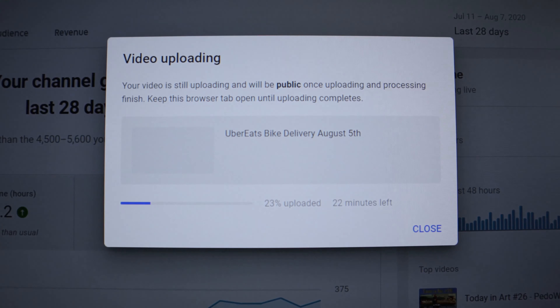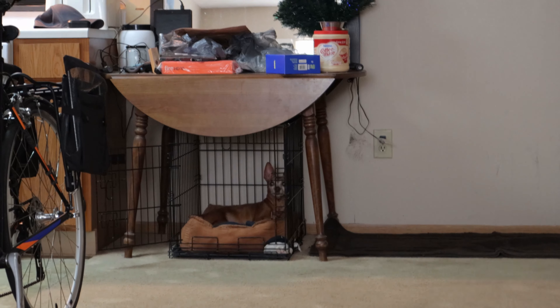I just finished editing and I'm uploading the August 5th delivery video — today is August 8th, Saturday, around 4:35. I wanted to get this up before heading downtown to do some deliveries. I noticed that when I'm behind the camera the mic picks up really well, but when I'm in front of it, it doesn't pick up as good, so I messed with it a bit in the editing software to try to even things out.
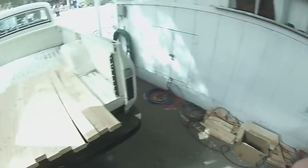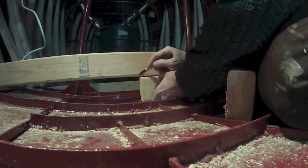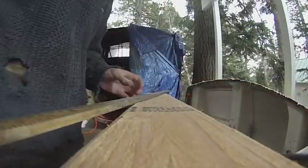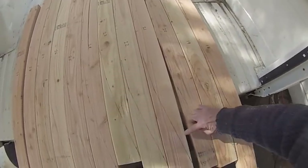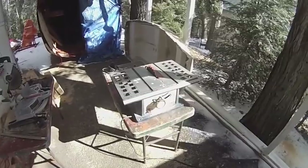Chop saw work is done. All these are the pieces that are ready to get fitted. All of the pieces are now marked out so that I can make a production run on the table saw.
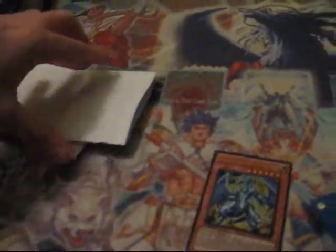Alright, looks like the first one is an ultra rare Lumina, which I'm going to use. Oh, and actually I forgot that I got this. Wow. First Light Pulse — I'm going to use that for my deck.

◆ **WORK REQUIRED**
Repeat the material above word for word, please, apart from its images.

◆ **ANSWER AREA**
I just finished editing and I'm uploading the August 5th delivery video — today is August 8th, Saturday, around 4:35. I wanted to get this up before heading downtown to do some deliveries. I noticed that when I'm behind the camera the mic picks up really well, but when I'm in front of it, it doesn't pick up as good, so I messed with it a bit in the editing software to try to even things out.
Chop saw work is done. All these are the pieces that are ready to get fitted. All of the pieces are now marked out so that I can make a production run on the table saw.
Alright, looks like the first one is an ultra rare Lumina, which I'm going to use. Oh, and actually I forgot that I got this. Wow. First Light Pulse — I'm going to use that for my deck.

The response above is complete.